Margaret Lloyd & Sarah Browning

Thursday, May 6, 2010, at 7:00 pm, poets Margaret Lloyd and Sarah Browning will read work from their books as well as new poems. ($2-5 sliding scale.)

*Please note our new starting time.

Margaret Lloyd

Margaret Lloyd’s first poetry collection, This Particular Earthly Scene, was published by Alice James Books and in 2008 Plinth Books published A Moment in the Field: Voices from Arthurian Legend. She has also published a book-length critical study of William Carlos Williams’ poem Paterson (Fairleigh Dickinson University Press). She received a grant from the National Endowment for the Humanities for the creation of critical editions and translations of poems written by a medieval Welsh woman. She was the Margaret Bridgman Fellow in Poetry at the Bread Loaf Writers’ Conference, received the Vachel Lindsay Poetry Award for the best poem published in Willow Springs, and a fellowship to Hawthornden Castle, an International Retreat for Writers in Scotland where she completed her most recent poetry collection. In 2008, she was granted a writing residency at Yaddo where she worked on her forthcoming third book of poems, The Cows of Heaven. She has poem/painting pairs forthcoming in Poetry Wales and Planet: The Welsh Internationalist.
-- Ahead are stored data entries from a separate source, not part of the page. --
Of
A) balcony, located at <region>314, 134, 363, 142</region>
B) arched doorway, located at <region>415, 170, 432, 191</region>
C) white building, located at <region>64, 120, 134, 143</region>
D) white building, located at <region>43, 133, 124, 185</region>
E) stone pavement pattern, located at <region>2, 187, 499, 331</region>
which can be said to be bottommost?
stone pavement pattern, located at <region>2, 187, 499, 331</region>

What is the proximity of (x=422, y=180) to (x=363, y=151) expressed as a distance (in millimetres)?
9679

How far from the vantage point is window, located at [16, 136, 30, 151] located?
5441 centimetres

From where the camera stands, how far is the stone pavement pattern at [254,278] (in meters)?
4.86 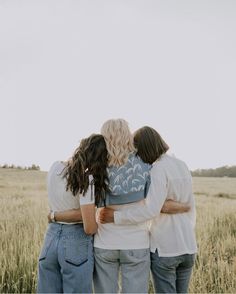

Lloyd chairs the Humanities Department at Springfield College, Massachusetts.

Sarah Browning

Sarah Browning is the author of Whiskey in the Garden of Eden (The Word Works, 2007) and co-editor of D.C. Poets Against the War: An Anthology (Argonne House Press, 2004). She is co-director of Split This Rock Poetry Festival: Poems of Provocation & Witness and DC Poets Against the War. The recipient of an artist fellowship from the DC Commission on the Arts & Humanities, she has also received a Creative Communities Initiative grant and the People Before Profits Poetry Prize. She was founding director of Amherst Writers & Artists Institute — creative writing workshops for low-income women and youth — and Assistant Director of The Fund for Women Artists, an organization supporting socially-engaged art by women. She co-hosts the Sunday Kind of Love reading series at Busboys and Poets in Washington, DC, where she lives with her husband and son.

*

LAST KISS by Margaret Lloyd

I had to faint three times
I had to be lifted up three times
when I saw him walking
through the air between us.
Nothing kept him from me—
not iron bars or bloody hands,
not my cruelty, not his love for God.
I demanded from him more
than I demanded of the king
and he accomplished it.
After the great wars,
after Arthur’s death,
for eight days he rode west
finding me in the abbey
walking in the cloisters with the sisters.
I had to faint three times
I had to be lifted up three times
when I saw him moving
through the air between us.
Though I wanted, like Gawain,
to choose the wound I would die of,
when he asked for one last kiss,
I said no. I said no,
not looking at his eyes,
not looking at his mouth,
but instead at a scar on his cheek.
And again I said no,
sending him into the forest
knowing this time
there was no coming back.
I had to faint three times
I had to be lifted up.

(By permission of Plinth Books. All rights reserved.)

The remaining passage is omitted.